A look at presidential incompetence from September 1, 2005.In the sporting world, there are good players and there are
great players.
Good players excel in the early moments of games, shining well before crunch time begins.
Great players turn it on when it counts most, coming through in the contests' closing seconds – when games are truly on the line, when the difference between winning and losing, leading and failing is razor thin.
It's easy to be president when no one's watching. It's easy to steer the ship when the sailing is smooth. It's easy to be President Bush when your day consists of staged photo opportunities and carefully crafted appearances.
But, now that the game is on the line, now that Hurricane Katrina has left much of the Gulf Coast destroyed and her residents dead, dying or homeless, Bush is failing when he is needed most.
Bush's failings aren't simply being pointed out around the blogosphere; they're being highlighted –
and criticized – by those on the ground. Jefferson Parish official Deano Bonano wondered if the proper support, thanks to the war in Iraq, was available. One National Guardsman in New Orleans said there was no plan. A Mississippi fire chief said the help that was promised still hasn't arrived. Reports from New Orleans television
have maintained that no FEMA helicopter drops of supplies have taken place.
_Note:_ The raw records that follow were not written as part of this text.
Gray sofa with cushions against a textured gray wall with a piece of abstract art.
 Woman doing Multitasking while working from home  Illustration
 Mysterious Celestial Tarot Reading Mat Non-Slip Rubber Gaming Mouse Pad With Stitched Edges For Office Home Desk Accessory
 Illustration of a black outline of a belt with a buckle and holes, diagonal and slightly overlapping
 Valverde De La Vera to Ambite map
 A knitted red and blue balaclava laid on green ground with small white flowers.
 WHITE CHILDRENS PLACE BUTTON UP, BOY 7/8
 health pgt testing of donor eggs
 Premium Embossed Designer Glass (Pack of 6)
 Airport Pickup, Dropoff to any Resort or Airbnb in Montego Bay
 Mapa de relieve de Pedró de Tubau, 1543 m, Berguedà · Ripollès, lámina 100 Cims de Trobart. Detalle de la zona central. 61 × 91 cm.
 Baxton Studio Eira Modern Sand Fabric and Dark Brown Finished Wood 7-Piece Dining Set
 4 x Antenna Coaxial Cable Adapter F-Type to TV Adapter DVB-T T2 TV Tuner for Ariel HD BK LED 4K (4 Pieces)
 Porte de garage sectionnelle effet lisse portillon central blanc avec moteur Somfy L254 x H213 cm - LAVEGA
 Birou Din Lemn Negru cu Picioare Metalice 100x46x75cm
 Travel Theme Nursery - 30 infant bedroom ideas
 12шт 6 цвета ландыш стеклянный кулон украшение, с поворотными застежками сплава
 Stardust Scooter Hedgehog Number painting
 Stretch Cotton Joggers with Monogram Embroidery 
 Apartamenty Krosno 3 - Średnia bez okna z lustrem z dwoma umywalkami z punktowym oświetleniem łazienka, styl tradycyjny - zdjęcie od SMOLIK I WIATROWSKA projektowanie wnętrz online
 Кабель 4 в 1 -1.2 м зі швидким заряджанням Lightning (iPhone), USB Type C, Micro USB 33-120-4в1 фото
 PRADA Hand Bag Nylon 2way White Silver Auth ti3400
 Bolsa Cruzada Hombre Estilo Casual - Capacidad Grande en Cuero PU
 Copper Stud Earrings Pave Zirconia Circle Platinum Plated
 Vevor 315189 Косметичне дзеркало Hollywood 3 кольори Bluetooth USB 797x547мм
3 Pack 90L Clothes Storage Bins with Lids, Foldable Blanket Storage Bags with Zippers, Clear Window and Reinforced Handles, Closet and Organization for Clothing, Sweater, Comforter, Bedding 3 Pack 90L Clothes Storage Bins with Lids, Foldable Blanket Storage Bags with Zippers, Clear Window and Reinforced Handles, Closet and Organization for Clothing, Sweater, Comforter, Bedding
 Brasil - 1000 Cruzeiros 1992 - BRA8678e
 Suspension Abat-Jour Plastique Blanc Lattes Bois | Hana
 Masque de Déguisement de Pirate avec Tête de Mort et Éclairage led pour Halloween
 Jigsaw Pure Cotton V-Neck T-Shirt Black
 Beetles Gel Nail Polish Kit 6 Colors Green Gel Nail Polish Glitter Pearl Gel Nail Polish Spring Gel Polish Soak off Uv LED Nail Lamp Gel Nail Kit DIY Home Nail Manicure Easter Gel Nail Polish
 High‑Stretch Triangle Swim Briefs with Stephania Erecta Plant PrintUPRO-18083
None. And this is day four.
In response to Bonano's statements on CNN, Brown said, "Someday we'll know for sure where the truth of all that lies."
Bullshit. We know
now that drastic failings in leadership have worsened the disaster that followed Katrina. Shifting funds. Shifting manpower. Shifting priorities. What we're seeing now is a direct result of that failure to lead, of
Bush's failure.
When Bush took to the airwaves yesterday, he delivered a terrible speech, a
speech the
New York Times called "one of the worst speeches of his life." A lot has been said during his presidency that Bush isn't a good public speaker. That fact was never more obvious yesterday, when we saw the president stammer, stutter and stumble his way through a painfully dry speech when true emotion was needed. Bush wasn't stumbling due to the weight of the situation; he was crumbling under the pressure before America's eyes.
Bush's only success came in overwhelming the audience with numbers – numbers that, while impressive on paper, represent assistance that hasn't reached the affected area yet. Further, never once during the entire short speech did Bush ask Americans to make a sacrifice. Never once did he mention conservation – in any form. Never once did he ask anyone to do more than donate to relief efforts. What he
did say, however, was that it was
hard work to operate an oil refinery. While his administration will bend over backwards to get oil refinement and distribution back to pre-Katrina levels, it is apparent to many that the delays in on-the-ground assistance are having disastrous effects.
"And we're just starting," Bush said after running down a long list of figures. My question is this, Mr. President: Why are you saying that
four days into the disaster? What took you so long? Why are you
fiddling while Rome burns?
What
hasn't been widely reported today is that yesterday's presidential update began minutes late thanks to the threat of rain. I hope the irony of that fact is lost on nobody.